Democratic presidential candidate proposes giving every American $600 to donate to any political campaign

Presidential candidate Sen. Kirsten Gillibrand (D-N.Y.) has proposed a plan that would give up to $600 in vouchers to every registered voter in the country during an election cycle.

Wait. What's the plan?

This proposal, which she has dubbed "Democracy Dollars," is part of her "Clean Elections Plan" and would, in theory, reduce the influence that big dollar donors have in U.S. politics.

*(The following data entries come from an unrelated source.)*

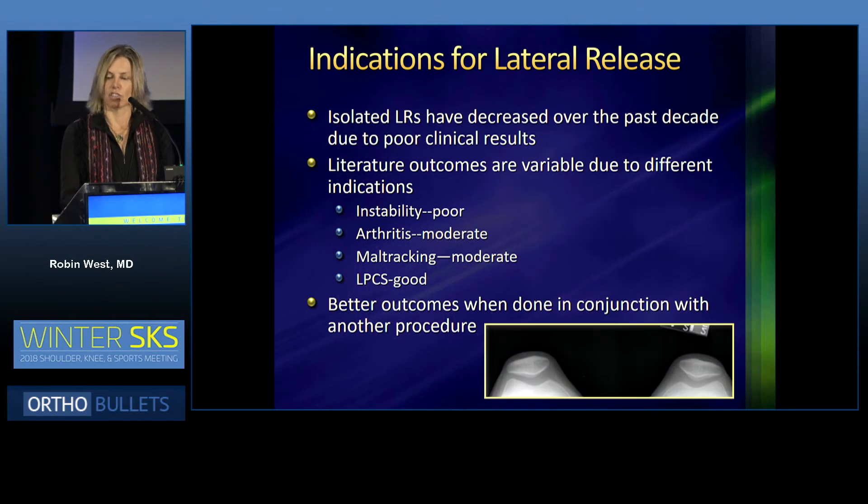Regarding indications for a lateral release — we're talking about lateral release in general, not isolated lateral release. Isolated lateral releases have decreased over the past decade due to poor clinical results. Literature outcomes are variable due to different indications. When it's done for patellofemoral instability, the results are poor. When it's done for arthritis, the results are moderately good. When it's done for patellofemoral maltracking in association with another surgery, the results are moderately good.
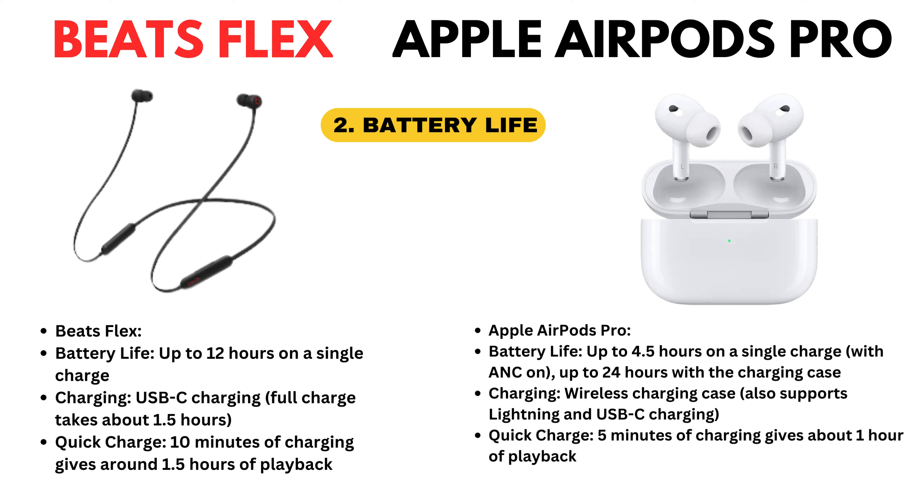Apple AirPods Pro battery life: up to 4.5 hours on a single charge, up to 24 hours with a charging case. Charging: wireless charging case. Quick charge — 5 minutes of charging gives about 1 hour of playback.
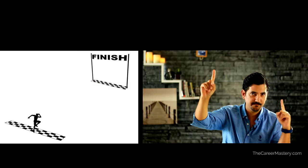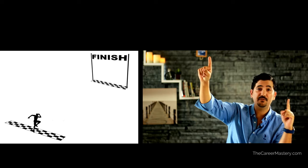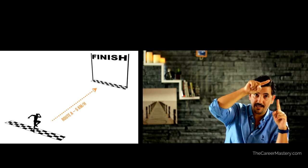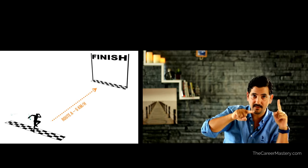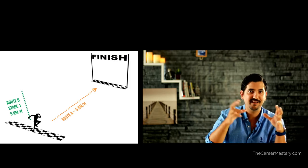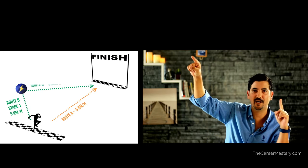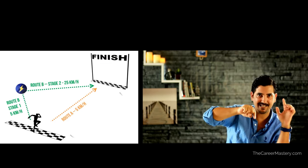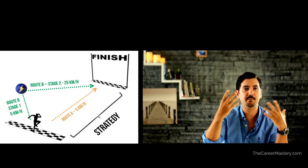If I was to teach strategy to my children, I'd say: you want to reach the finish line first. You may walk straight to the finish line at 5 km/h, or you may extend your route, take more time, but on the way collect the speed boost and shoot through the finish line at 25 km/h. Collecting that speed boost to win would be your strategy.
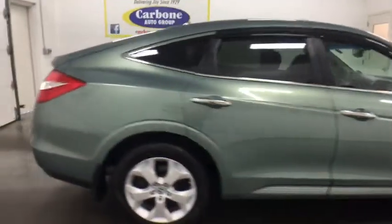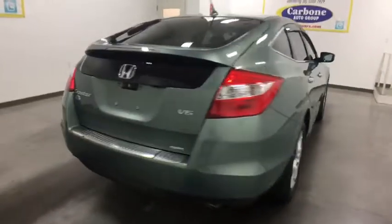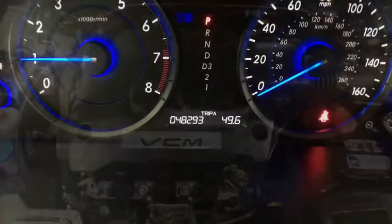Here are some of this vehicle's great options: traction control, CD changer, stability control, keyless entry, anti-lock braking system, steering wheel audio control, power passenger seat, leather wrapped steering wheel, Bluetooth, adjustable steering wheel, power steering, four-wheel disc brakes.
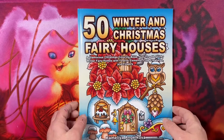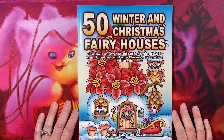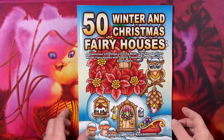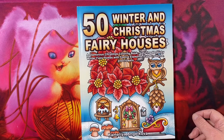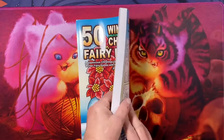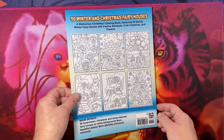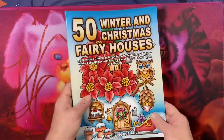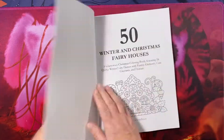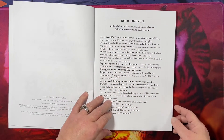Hello everyone, this is Tammy from Tammy Colors 2. I have a flip of the brand new 50 Winter and Christmas Fairy Houses by Camellia Angelkova. This is brand new, came out the other day. I just got it as of October 31st, 2022. 50 pages, 50 pictures, Amazon printed.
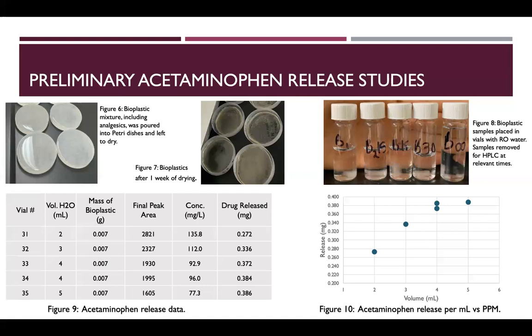We investigated the effect of increasing solution volume for a constant mass of bioplastic. The data shown in figure 9 has been normalized to take into account the different volumes, and calibration plots were used to convert peak area to parts per million. The data shown in figure 10 indicates that the amount of release seems to increase with increasing volume, and as the volume gets larger, it seems to become constant.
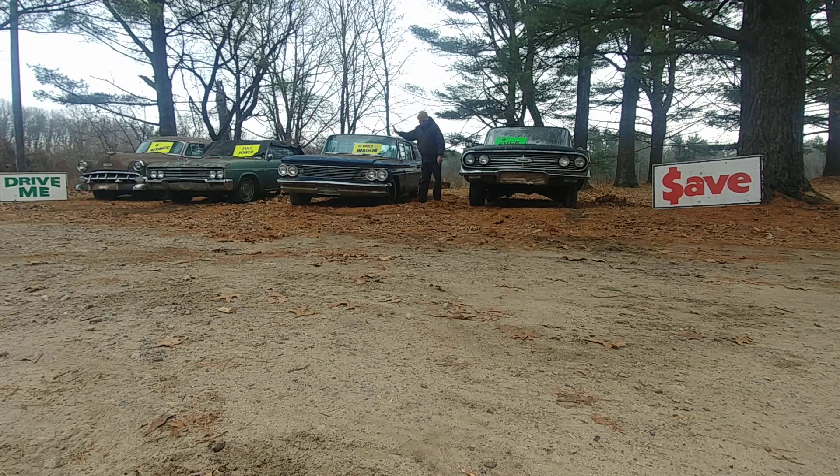1960 Pontiac Catalina Safari six-passenger wagon with a 389 two-barrel automatic. Large and in charge.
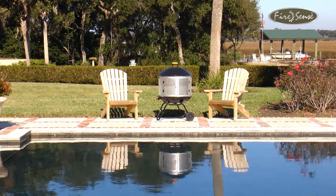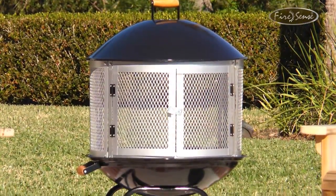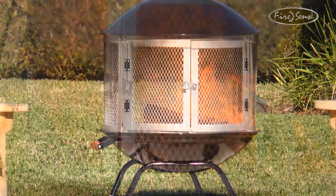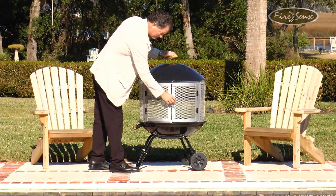Enjoy your patio in all seasons with the 28-inch Bonfire patio fireplace from FireSense. This ultimate deluxe mobile patio fireplace features a porcelain enamel bowl and lid. The silver high-temperature painted center steel fire screen keeps the fire contained but fully visible. A steel grate for the wood is also included with this model.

According to a Medium post published under Gillibrand's name on Tuesday, voters would have to opt-in to the program in order to receive vouchers. Voters who opt in would receive "$200 worth of Democracy Dollars to assign to their preferred candidates in each federal race." These voters could get separate $200 vouchers for House, Senate, and presidential candidates, adding up to a potential $600 value.
But there's a catch. These voucher dollars can only go to candidates who "meet the qualifying threshold and agree to cap all individual cash donations to $200."

Gillibrand said that this plan would "[e]mpower more Americans, especially young people, women, and people of color" and lessen the influence of "special interests and wealthy megadonors — who are overwhelmingly white, male and older."

How much would this cost?

According to the U.S. Census Bureau, there were 153,066,000 registered voters during the 2018 midterm elections. If all these voters took advantage of this voucher program (which would be unlikely), that would cost the federal government $30.6 billion each year just in presidential vouchers. If every registered voter applied for every possible voucher, that number would grow to $91.8 billion. And that's assuming no cost for processing requests, delivering the money, or investigating potential abuses of the system.

In 2016, the campaigns of President Donald Trump and former Secretary of State Hillary Clinton raised a combined total of less than $2.5 billion.

In her Medium post, Gillibrand said that she would pay for this by getting rid of "the loophole that makes taxpayers subsidize excessively high CEO compensation: CEOs making 25 times the median salary of their employees or more than $1 million, whichever is less."

She said this would "raise over $60 billion in ten years," or less than two-thirds the potential cost of the program for a single year.